The woman said her daughter and two grandsons aged 11 and 1 and 1/2 years old lived at the home with her.
She said the oldest boy had been spoken to by the family and told not to play on the street.
"I'm worried and other people are worried. Generally this is a nice little community and a reasonably safe road. People have children and I don't think that he feels sorry for what he did.
"The street is not flash but it is nice. Plus who would want to have a child abuser [living here]?"
However, another couple who live further down the street, Kenneth and Patricia Catt, said van der Plaat's return was not a great concern for them.
"We don't have any children so it is not a great concern to us.
"I do appreciate the views of the people here who do have children."
He said one of the neighbours ran a child care centre on the street and van der Plaat's return was a major concern for the neighbour.
The couple have lived on the street for 10 years and during that time had spoken to van der Plaat once.
"He seemed like a normal sort of person. Inviting me to come and inspect his garden and things like that.
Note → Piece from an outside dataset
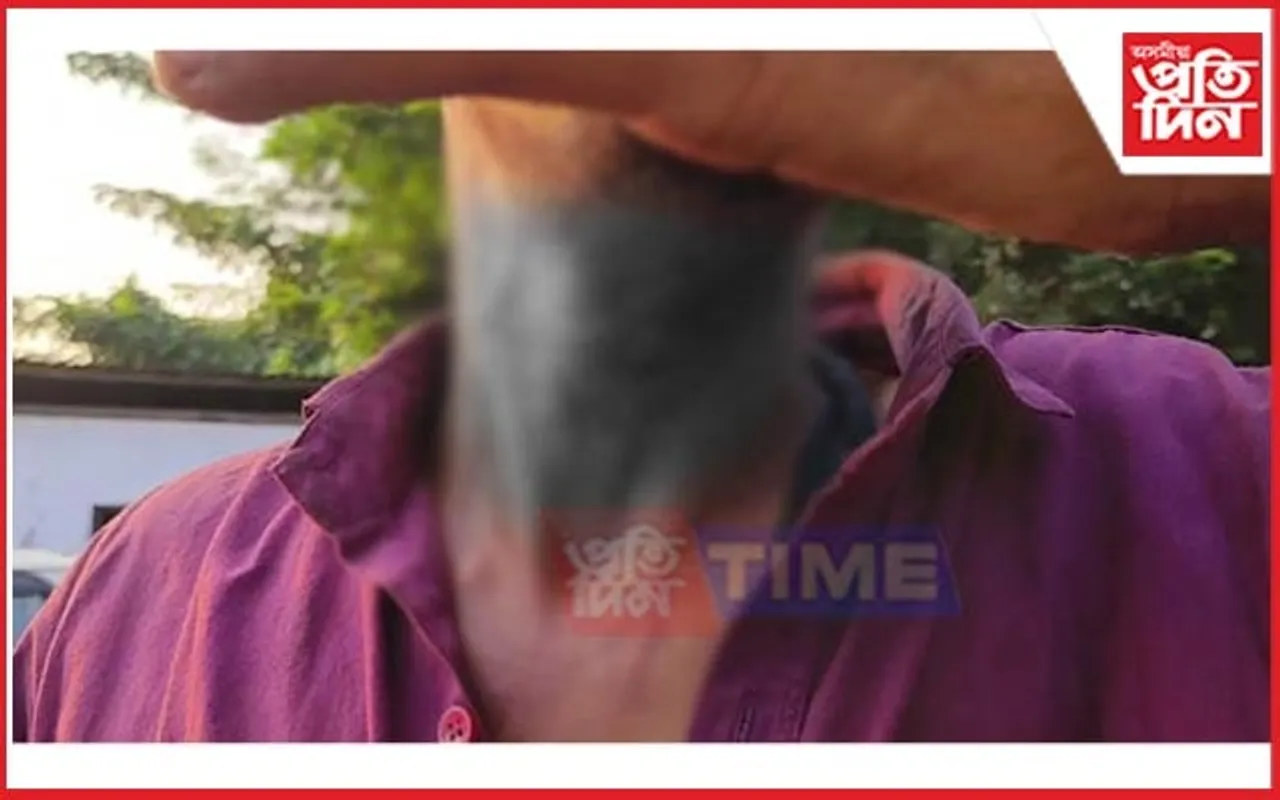 মহানগৰীত ব্লেডেৰে ডিঙি কাটি ট্ৰাক চালকক হত্যাৰ চেষ্টা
We had no idea that he had a secret life all of his own.
"We were shocked [when we found out]. You just can't imagine someone doing the things that he was doing."
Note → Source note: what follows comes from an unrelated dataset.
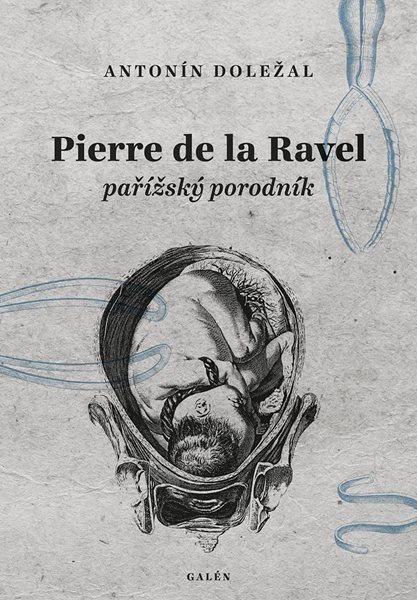 Pierre de la Ravel, pařížský porodník - Doležal Antonín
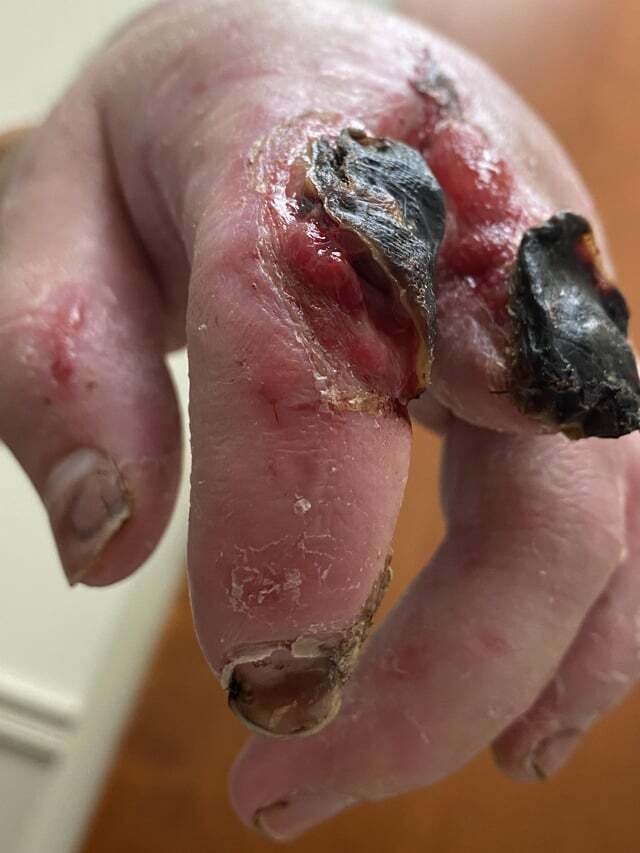 Knuckle Up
He said the couple were not expecting any trouble from van der Plaat once he returned to the street.
"I think he would be very foolish to do anything untoward. Everyone will be keeping an eye on him."
Mr Catt said a fence was erected around the property yesterday and today people had come to the house with equipment.
"Somebody was there this morning. I think they were putting equipment in to monitor when he leaves."
News of van der Plaat's return has sparked several neighbourhood meetings.
Many people on the street have children.
One resident, who had recently moved in with his family, said van der Plaat's release was discussed before they moved.
He said the meetings had been a good chance to understand the measures Corrections would put in place to monitor van der Plaat.
He planned to make van der Plaat aware the neighbourhood were watching him.
Corrections has placed an "extensive" range of 21 conditions on van Der Plaat's release.
The conditions include: attending and completing programmes, treatment and counselling as directed; not undertaking culture, craft or creative programmes without approval; not associating with any person under the age of 16 unless under the direct supervision of an approved adult; not possessing any device capable of taking photos or recording images; and GPS electronic monitoring.